Accanto alla più celebre produzione in dialetto santarcangiolese, Tonino Guerra (Santarcangelo, Forlì, 1920) ha creato qualche poesia in lingua, inclusa quella dal titolo Mio padre di recente composizione (1998). In un’unica strofa di undici versi, per lo più imparisillabi e di lunghezza superiore al settenario, l’autore fornisce un efficace ritratto della figura genitoriale: la capacità di sintesi e l’asciuttezza stilistica, già presenti in tanti suoi schizzi di personaggi popolari, scandiscono in modo incisivo le azioni abitudinarie di un’intera esistenza.

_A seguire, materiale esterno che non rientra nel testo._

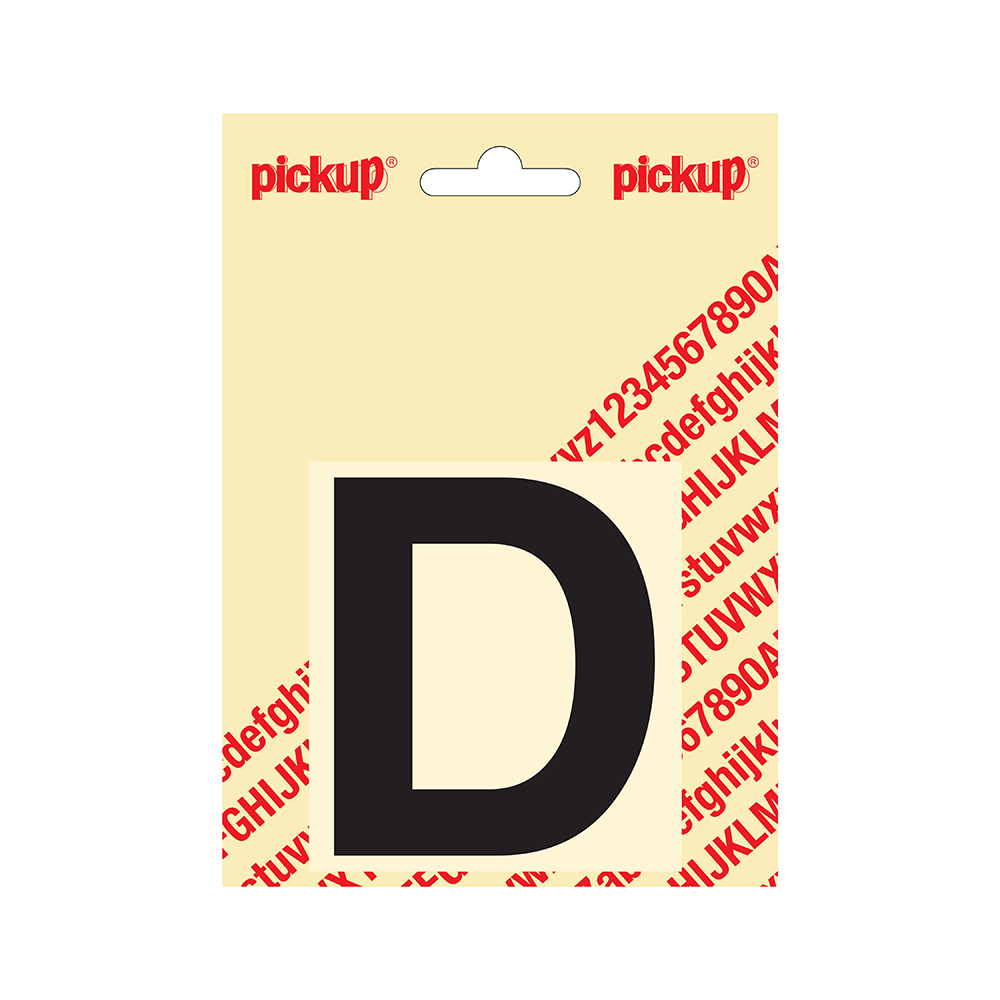 Pickup plakletter Helvetica 80 mm - zwart D
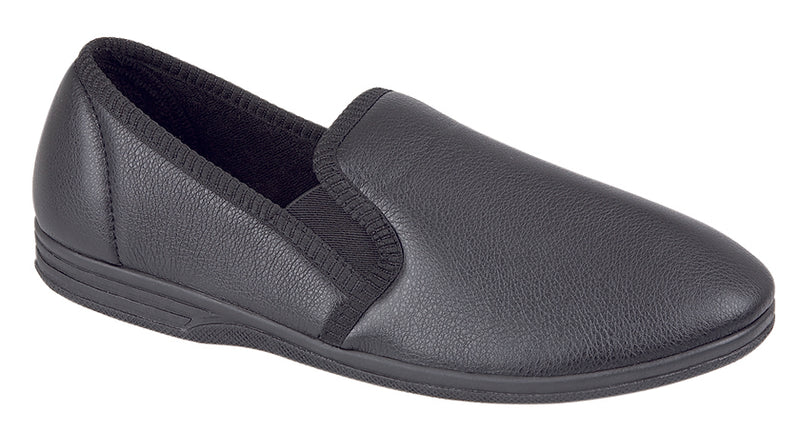 Mens Zedzz Black or Brown Grain PU Slipper "Ivor"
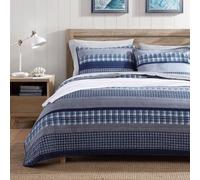 Nautica Cotton Reversible Bedding Set, All Season Designer Home Décor, Addison Blue, Twin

Mio padre vendeva frutta e carbone
e intanto accarezzava
un gatto che si chiamava Baruloun.
Se camminava guardava in terra
per vedere se c’era qualcosa da prender su:
un chiodo arrugginito o un laccio per le scarpe
e andava a letto col cappello in testa.
Quando sono venuto a casa
dopo un anno di prigionia in Germania
mi aspettava sulla porta col sigaro in bocca.
“Hai mangiato?” mi ha chiesto. E basta.



La prima parte è infatti incentrata sul quotidiano di quest’uomo semplice, anch’egli appartenente all’umile e genuino mondo delle campagne: le due proposizioni iniziali lo fotografano simmetricamente nell’ambito lavorativo («vendeva frutta e carbone») e nei momenti di svago, in cui manifesta con gesti concreti il suo amore per gli animali («accarezzava / un gatto che si chiamava Baruloun.»). Segue un altro breve parallelismo fra un’attività diurna ed una notturna: il camminare con lo sguardo chino al terreno, prestando attenzione all’eventuale rinvenimento di oggetti assai modesti ma comunque di una certa utilità, non solo trasmette un valore tipico della mentalità contadina, per cui nulla viene sprecato, ma può alludere anche allo stato di generale indigenza in cui versava la popolazione nel periodo bellico e nell’immediato dopoguerra; il coricarsi «col cappello in testa» appartiene ai ricordi più personali e curiosi.
A partire dal v. 8, gli imperfetti iterativi cedono il posto ai passati prossimi utilizzati per narrare un evento ben preciso, eletto ad esempio massimo per illustrare la particolare relazione che intercorreva fra padre e figlio. Nel 1944, la famiglia Guerra vive da sfollata in una casupola sulla sponda del fiume Uso; Tonino, proprio su richiesta del padre, si reca nella loro abitazione di Santarcangelo per portare qualcosa da mangiare al gatto menzionato al v. 3: viene catturato dai Tedeschi e deportato in Germania nel campo di concentramento di Troisdorf, dove inizia a scrivere le sue poesie in dialetto, con l’intento di «tenere compagnia a dei contadini romagnoli», suoi compagni di prigionia. Vi resta per circa un anno, sino ad una mattina d’agosto del 1945, quando arriva alla stazione del paese natio: il lieto fine di un’esperienza così drammatica resta indelebilmente impresso nella memoria di Tonino. In una concisa autobiografia rammenta:


Credevano fossi morto. Per non spaventare mio padre e mia madre ho impiegato un giorno a percorrere il chilometro di strada che c’era tra la stazione e casa nostra di allora. Seduto sulla sponda di un fosso mandavo qualcuno a casa ad avvertire che c’erano in Altitalia ancora dei prigionieri che tornavano. Nel pomeriggio ho deciso di farmi vivo.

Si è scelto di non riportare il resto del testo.